**Instructions to follow**
Copy out the listing below exactly, please, and skip any pictures.

**Data**
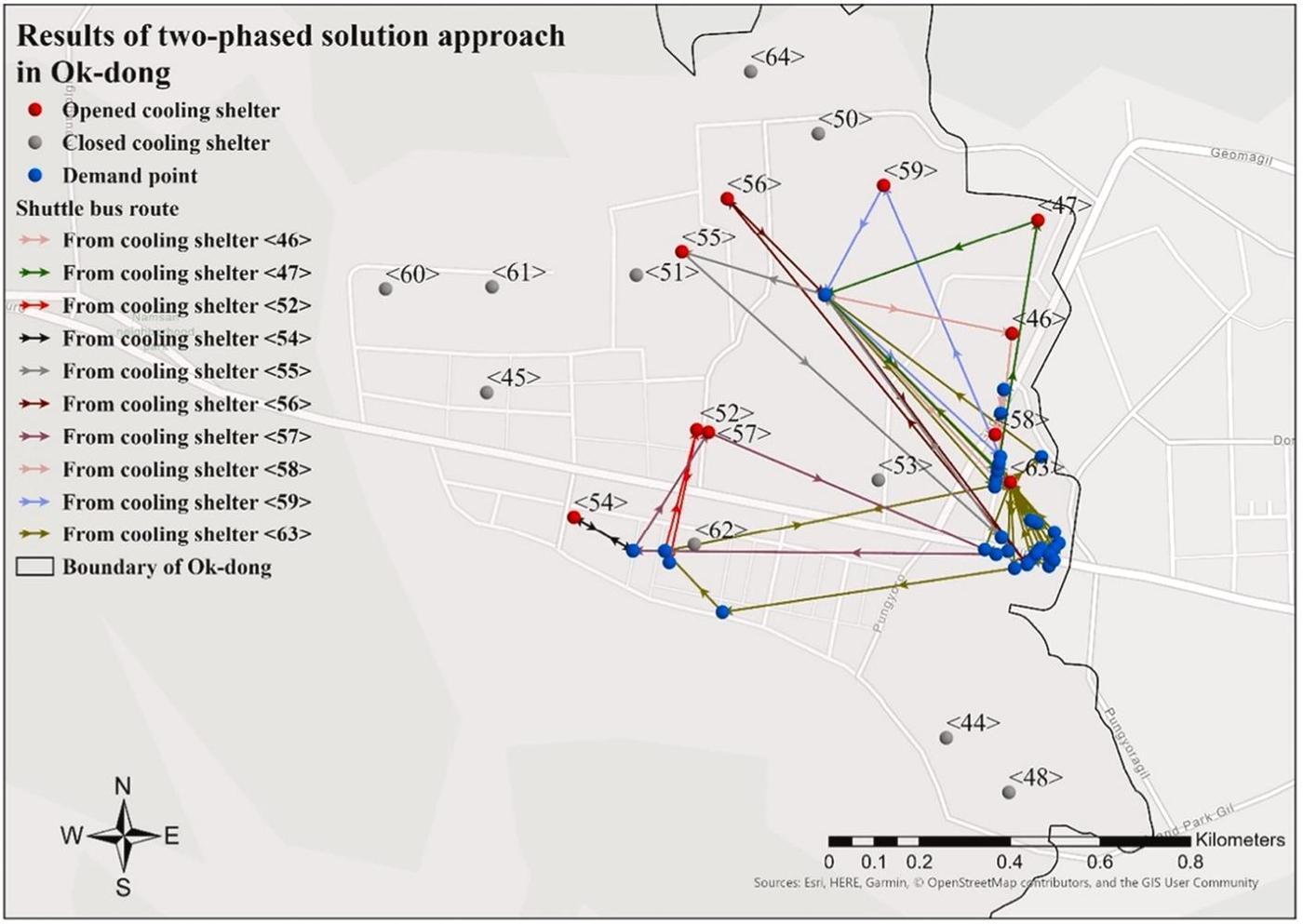 본문 이미지 - 울산 남구 옥동의 무더위쉼터 최적 운영안. (UNIST 제공)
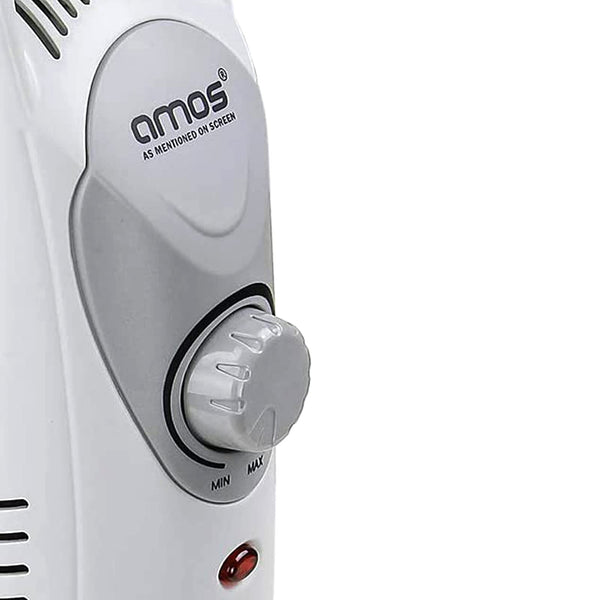 AMOS 1500W Electric Oil Filled Radiator Heater 7-Fin Portable Thermostat Heating Appliance with 3 Heat Settings, Safety Shut Off, and Power Indicator Light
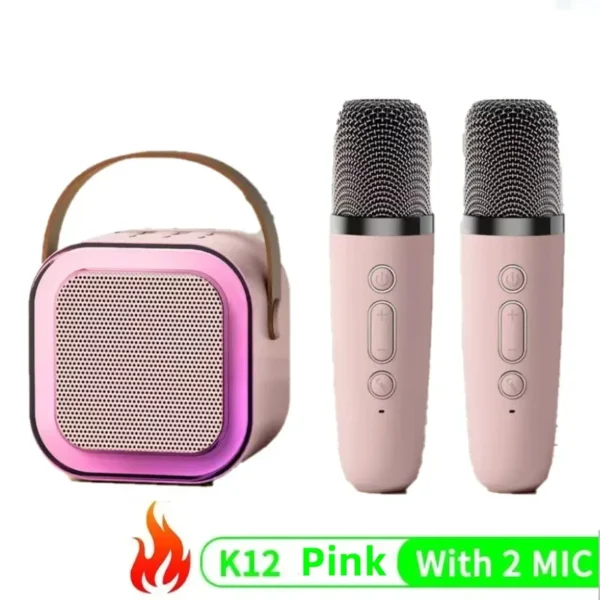 Bluetooth K12 Karaoke Machine Portable  5.3 PA Speaker System with 1-2 Wireless Microphones Home Family Singing Children's Gifts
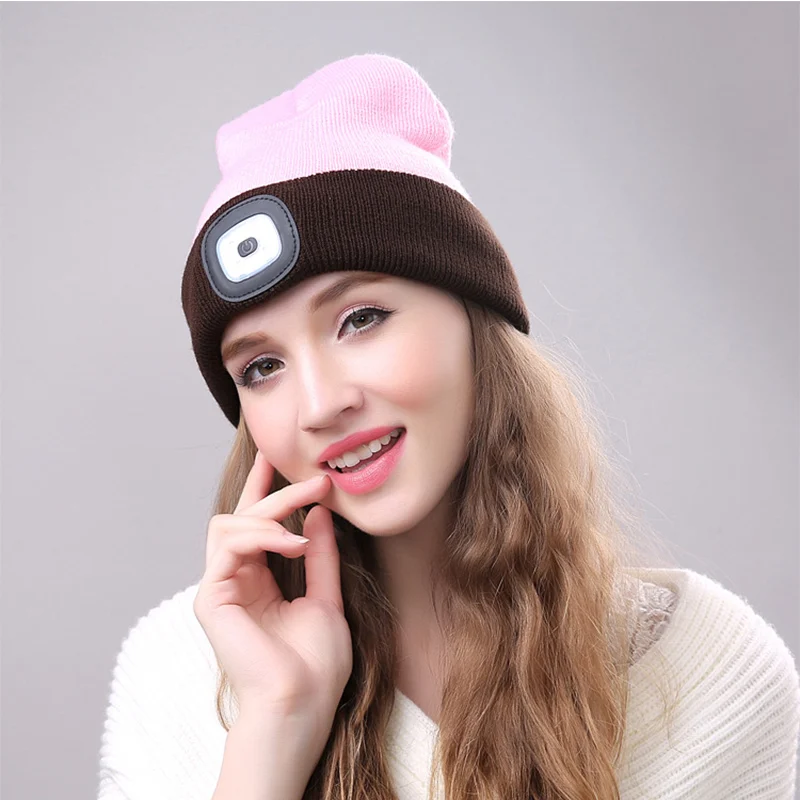

Multiple Colors Available LED Headlamp Knit Cap Outdoor Climbing Adventure Glowing Caps Portable Spotlight Hat Head Flashlight
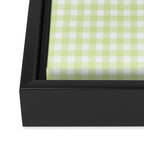 Gingham Check Pattern in Light Lime Green and White Framed Canvas Print Gallery Image 3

**Response area**
 본문 이미지 - 울산 남구 옥동의 무더위쉼터 최적 운영안. (UNIST 제공)
 AMOS 1500W Electric Oil Filled Radiator Heater 7-Fin Portable Thermostat Heating Appliance with 3 Heat Settings, Safety Shut Off, and Power Indicator Light
 Bluetooth K12 Karaoke Machine Portable  5.3 PA Speaker System with 1-2 Wireless Microphones Home Family Singing Children's Gifts

Multiple Colors Available LED Headlamp Knit Cap Outdoor Climbing Adventure Glowing Caps Portable Spotlight Hat Head Flashlight
 Gingham Check Pattern in Light Lime Green and White Framed Canvas Print Gallery Image 3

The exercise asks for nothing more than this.